Home » FEATURE STORY, Sports Cars

Stallings: Moving To McLaren Was Biz Decision

| Senior Writer, RacinToday.com Friday, December 4 2015
GAINSCO/Bob Stallings will move its colors to McLaren next year.

GAINSCO/Bob Stallings will move its colors to McLaren next year.

By John Sturbin | Senior Writer

FORT WORTH, Texas – Businessman/racer Bob Stallings says the decision to abandon his Hyundai Genesis Coupe project and move up the Pirelli World Challenge ladder as a McLaren customer in 2016 was all about activating and elevating the brand.

buganalysisGAINSCO/Bob Stallings Racing announced on Nov. 20 the Dallas-based team will campaign a McLaren 650S GT3 in the Pirelli World Challenge’s GT category next year after entering its Genesis Coupe in a pair of late-season GTS class races in 2015. In doing so, Stallings _ the majority shareholder of GAINSCO Auto Insurance and the company’s executive chairman _ deferred to the wishes of an independent five-member board.

“It wasn’t the car or the development,” Stallings said in an interview with RacinToday.com. “It was GAINSCO’s perspective of where the sponsorship would have its greatest value for its profile and entertaining its independent agents. They felt the GT class was much more appropriate and a better deal for them. That was the primary reason. I was also enamoured by the GT class and the sophistication of the cars out there. The whole GT3/FIA world-wide project…I found intriguing. It made more sense for GAINSCO and the race team to step-up to the top class.”

The 20-race/11 event 2016 Pirelli World Challenge season is scheduled to begin March 3-6 at Circuit of The Americas in Austin _ a key “hometown” Texas event Stallings’ team did not enter last year while the No. 99 Genesis Coupe was being assembled.
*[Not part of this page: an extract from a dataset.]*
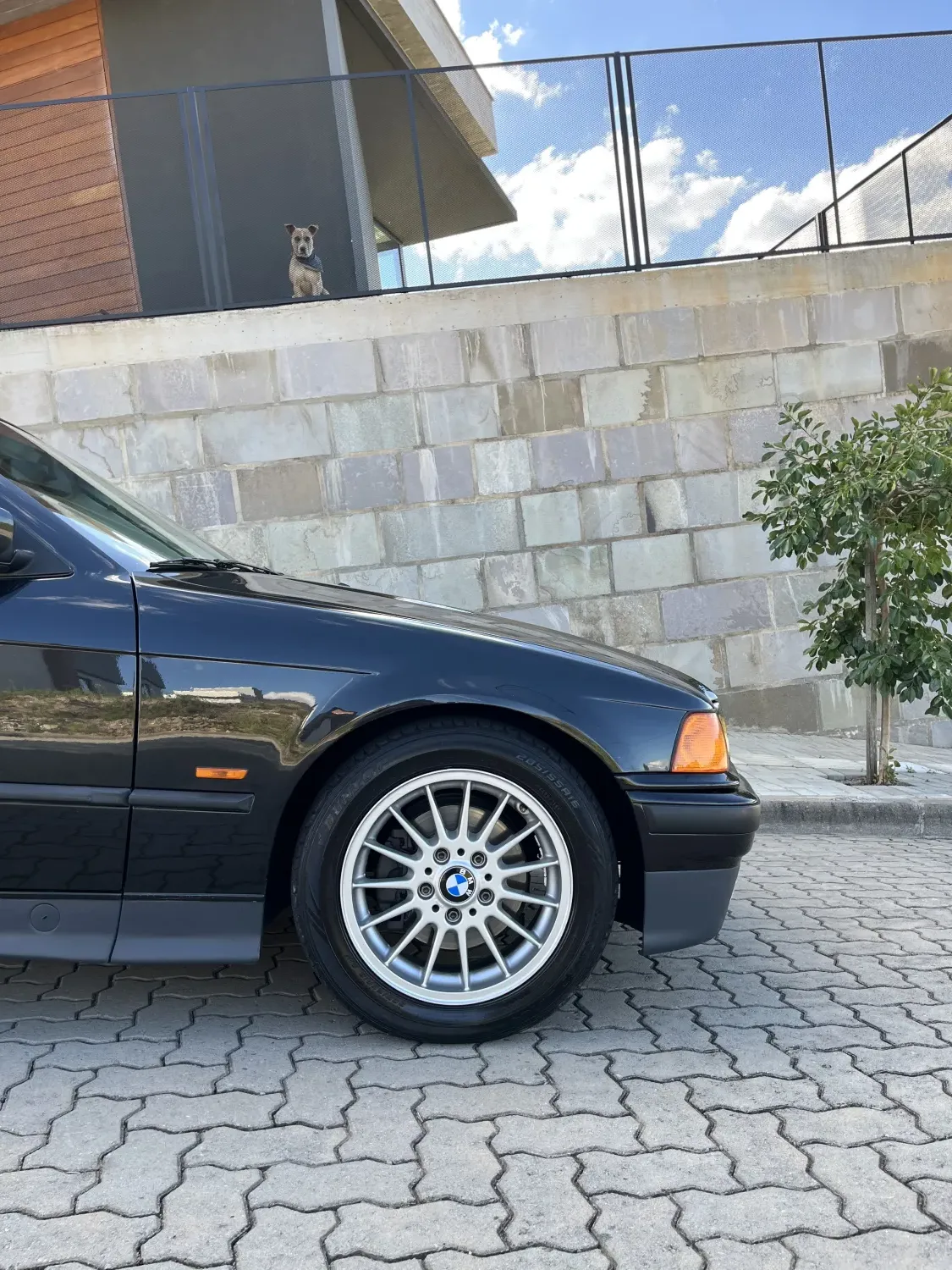 318is - Foto #16 do anúncio à venda de Carro clássico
Andy Jordan, GAINSCO’s senior vice president of marketing and business development, said the company plans to activate its sponsorship program at nine of 11 venues this season.

Stallings’ team recently took delivery of a British-built McLaren 650S GT3, latest generation of the track-focused racer from McLaren GT. Jon Fogarty, a two-time sports car champion with Stallings’ organization, is scheduled to shake down the latest iteration of the “Red Dragon” in mid-December.
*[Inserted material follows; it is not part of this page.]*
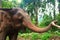 Tamed Elephant in jungle deep forest for Tourism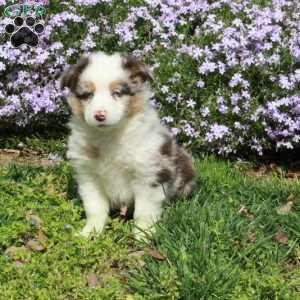 Crew, Australian Shepherd Puppy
The switch to McLaren comes less than a year after Stallings chose to develop the Genesis Coupe _ without corporate assistance from Hyundai _ for competition in the PWC’s sedan-style Grand Touring Sport (GTS) class. Stallings’ team spent most of 2015 homologating the Hyundai, with the Genesis Coupe making its delayed PWC debut in late August at Sonoma (Calif.) Raceway’s 2.52-mile/12-turn circuit with Texan Jeff Harrison at the wheel.
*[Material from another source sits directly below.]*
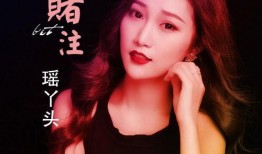 赌注在线观看,揭秘网络赌场背后的惊心动魄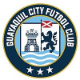Guayaquil City Crest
Harrison started the Go Pro Grand Prix of Sonoma 20th but was sidelined after 16 laps when a fuel pressure sensor failed. Harrison _ “Club Pro Driver” at Jeff Farr’s MotorSport Ranch in Cresson, south of Fort Worth _ran as high as 18th and recorded a best lap of 80.971 mph. Harrison and the team continued to develop the car during a test at Thunderhill Raceway, just north of Sacramento, immediately after the Sonoma race.

Fogarty made his first start in the Hyundai during Round 17 of the series on the 2.238-mile/11-turn Mazda Raceway Laguna Seca in California on Sept. 13. Fogarty started 20th and finished a lead-lap 15th, a little over a minute behind winner Kris Wilson and his Aston Martin Vantage GT4.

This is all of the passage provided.